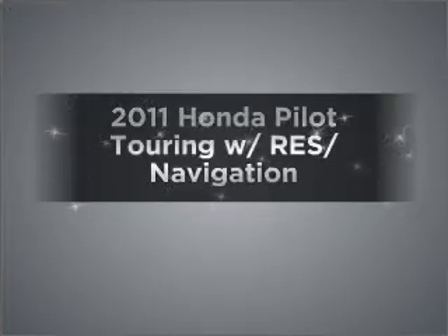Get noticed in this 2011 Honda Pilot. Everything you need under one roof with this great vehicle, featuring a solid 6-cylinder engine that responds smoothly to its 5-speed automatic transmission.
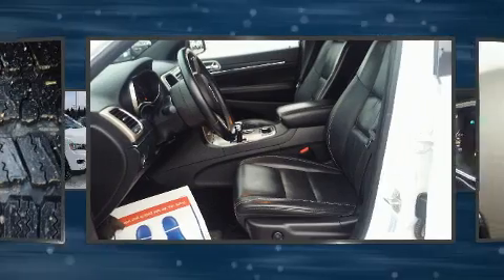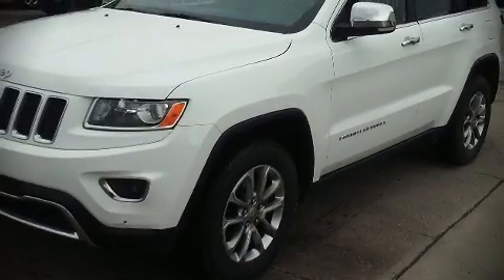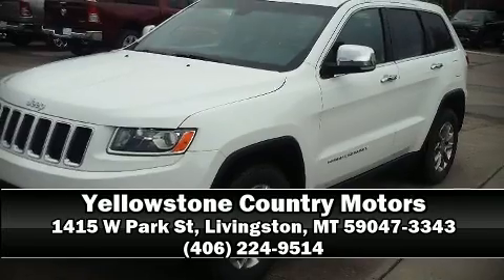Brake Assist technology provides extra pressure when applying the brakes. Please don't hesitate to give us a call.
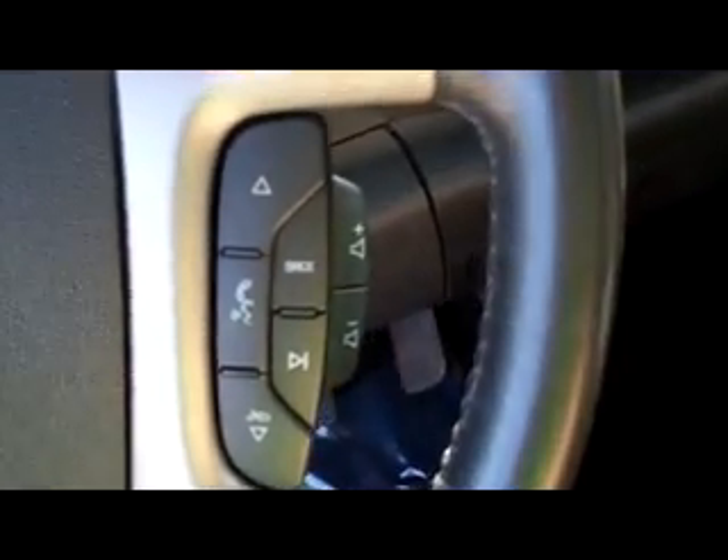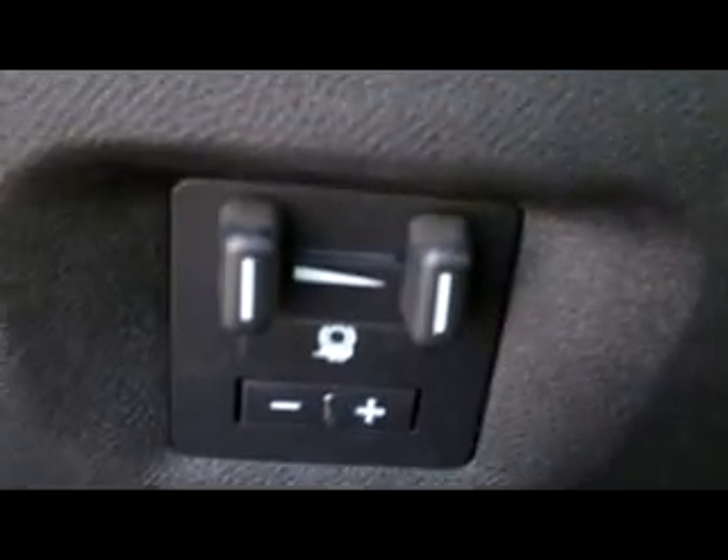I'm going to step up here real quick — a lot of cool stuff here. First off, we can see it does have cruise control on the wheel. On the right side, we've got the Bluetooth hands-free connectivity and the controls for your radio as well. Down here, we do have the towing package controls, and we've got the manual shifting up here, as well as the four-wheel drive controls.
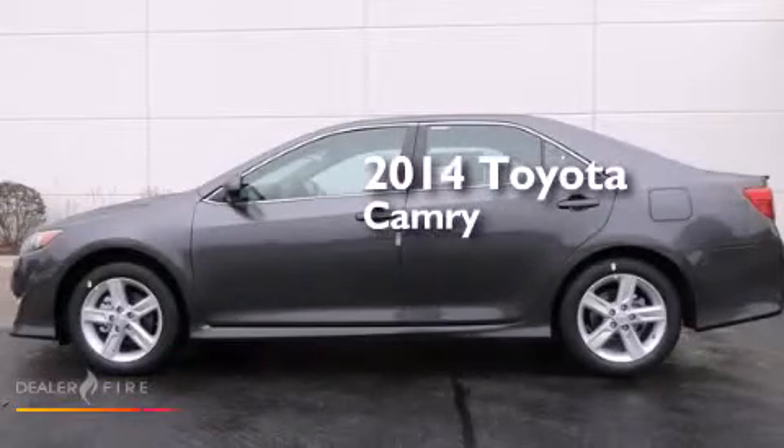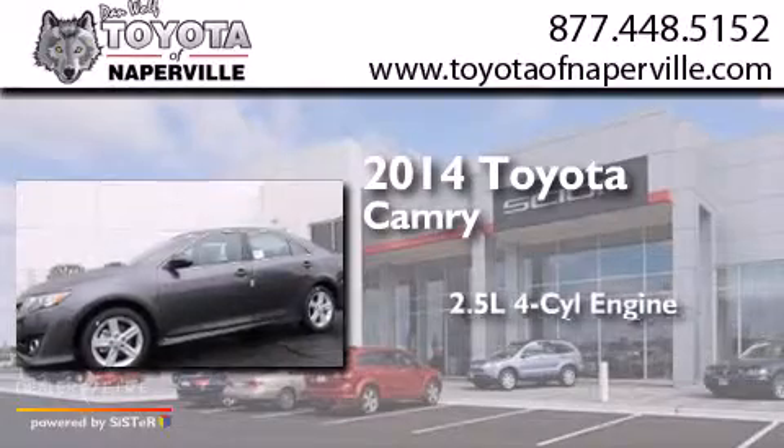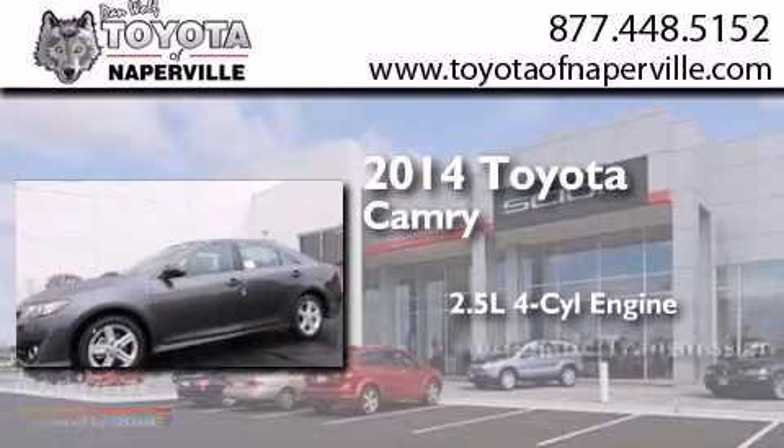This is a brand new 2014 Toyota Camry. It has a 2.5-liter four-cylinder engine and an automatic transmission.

*WORK TO BE COMPLETED*.
Transcribe all the lines above exactly; any image among them is skipped.

*SOLVED PROBLEM*.
Get noticed in this 2011 Honda Pilot. Everything you need under one roof with this great vehicle, featuring a solid 6-cylinder engine that responds smoothly to its 5-speed automatic transmission.
Brake Assist technology provides extra pressure when applying the brakes. Please don't hesitate to give us a call.
I'm going to step up here real quick — a lot of cool stuff here. First off, we can see it does have cruise control on the wheel. On the right side, we've got the Bluetooth hands-free connectivity and the controls for your radio as well. Down here, we do have the towing package controls, and we've got the manual shifting up here, as well as the four-wheel drive controls.
This is a brand new 2014 Toyota Camry. It has a 2.5-liter four-cylinder engine and an automatic transmission.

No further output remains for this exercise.